Many companies are watching what’s being said about them online. Social networking has made it much easier for them to find references from dissatisfied customers — and even given them opportunities to resolve any issues. Those interactions are hopefully part of a detailed marketing plan.
Having employees dedicated to navigating and monitoring social media is a great idea. Make sure they know how your company should be represented. What about your other employees? Are they aware of how their actions can affect your company?
According to Deloitte’s 2009 Ethics & Workplace Survey, 74% of workers surveyed believe it is easy to damage a brand’s reputation via social networking sites. So what are you doing about it? While I don’t believe you should curtail employee participation in their personal lives, you can ask them to be more careful.
Talk to your employees and let them know your policies and expectations. Ask them not to talk about work projects or clients in a manner that can reflect negatively on the company. Educate them on how social networking can affect their professional standing (but please, don’t use that as a threat). Maybe (hopefully) not their standing at your company, but in the eyes of their colleagues and peers.
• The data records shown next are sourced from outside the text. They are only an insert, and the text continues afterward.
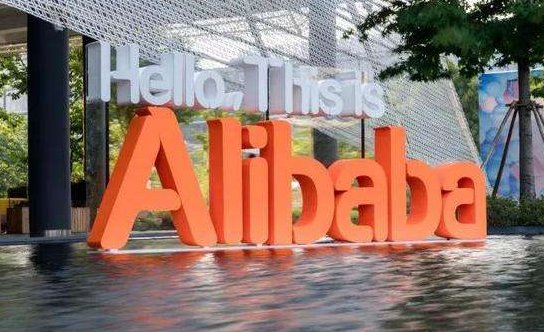 阿里國際站托管 阿里國際站托管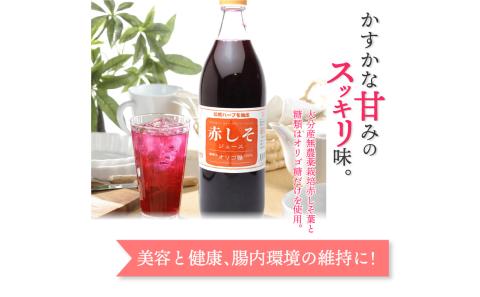 赤しそジュース　オリゴ糖タイプ　900ｍｌ×3本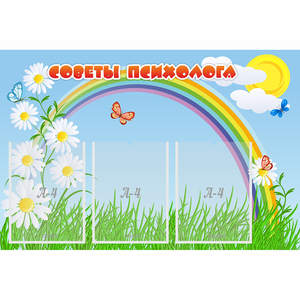 Стенд "Советы психолога" с 3 карманами - fgospostavki.ru - Ивантеевка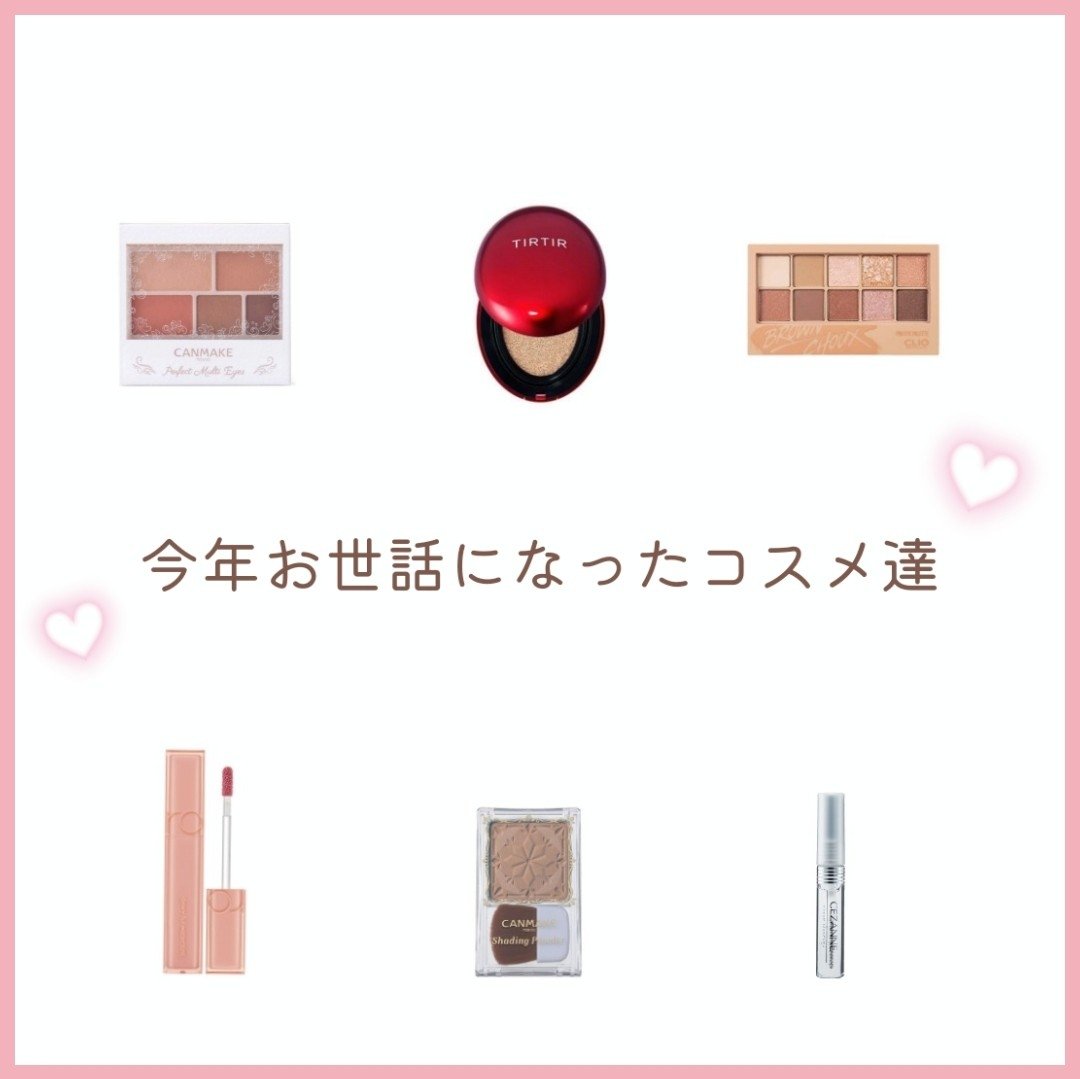 シェーディングパウダー/キャンメイク/シェーディングを使ったクチコミ（1枚目）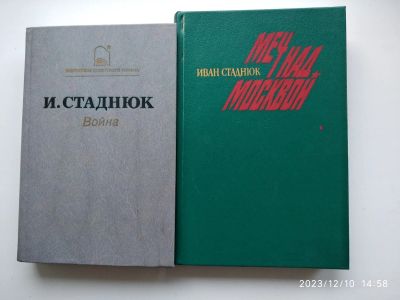 Лот: 21106829. Фото: 1. Книги И. Стаднюка. Художественная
But be aware that almost half of the employees surveyed said that a company policy would not change their online behavior. So if you do have a policy, employees may ignore it anyway. And 53% said their activities are none of their employer’s business anyway.
The best bet is to proceed with caution. If you think an employee’s actions are damaging your brand, talk to him and see if you can find a way to resolve the issue. No one really wants to see someone fired for their online actions.